Libby charged with perjury,

Rove still in legal jeopardy


Posted: October 28, 2005
12:54 pm Eastern

© 2009 WorldNetDaily.com




Lewis Libby (photo: Boston Globe)
Vice President Dick Cheney's chief of staff, I. Lewis "Scooter" Libby, was charged with one count of obstruction of justice, two counts of making false statements and two counts of perjury in the CIA leak case.

Libby could face up to 30 years in prison and $1.25 million in fines if convicted on all five counts.

President Bush's top adviser, Karl Rove, escaped indictment but remained under investigation.

Libby, a chief architect of the war with Iraq, has resigned as Cheney's chief of staff. A replacement will be named as early as tomorrow, according to Fox News.

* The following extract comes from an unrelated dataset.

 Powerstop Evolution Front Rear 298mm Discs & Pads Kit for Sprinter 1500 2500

Cheney released a statement saying, "Mr. Libby has informed me that he is resigning to fight the charges brought against him. I have accepted his decision with deep regret. Scooter Libby is one of the most capable and talented individuals I have ever known. He has given many years of his life to public service and has served our nation tirelessly and with great distinction."

The indictment can be found on the website of Special Counsel Patrick Fitzgerald.

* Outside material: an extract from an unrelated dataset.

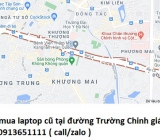 Thu mua laptop cũ tại đường Trường Chinh 0913651111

Rove's lawyer, Robert Luskin, said in a statement, "The special counsel has advised Mr. Rove that he has made no decision about whether or not to bring charges and that Mr. Rove's status has not changed."

Luskin said Rove "will continue to cooperate fully with the special counsel’s efforts to complete the investigation. We are confident that when the special counsel finishes his work, he will conclude that Mr. Rove has done nothing wrong."

Fitzgerald, a U.S. prosecutor in Chicago, is investigating whether CIA agent Valerie Plame's identity was leaked to discredit her husband, former Ambassador Joseph C. Wilson. Wilson had traveled to Niger in a CIA-sponsored trip to check out allegations Iraqi officials sought to purchase nuclear weapons materials there. He wrote up his findings in a New York Times opinion piece titled "What I Didn't Find in Africa."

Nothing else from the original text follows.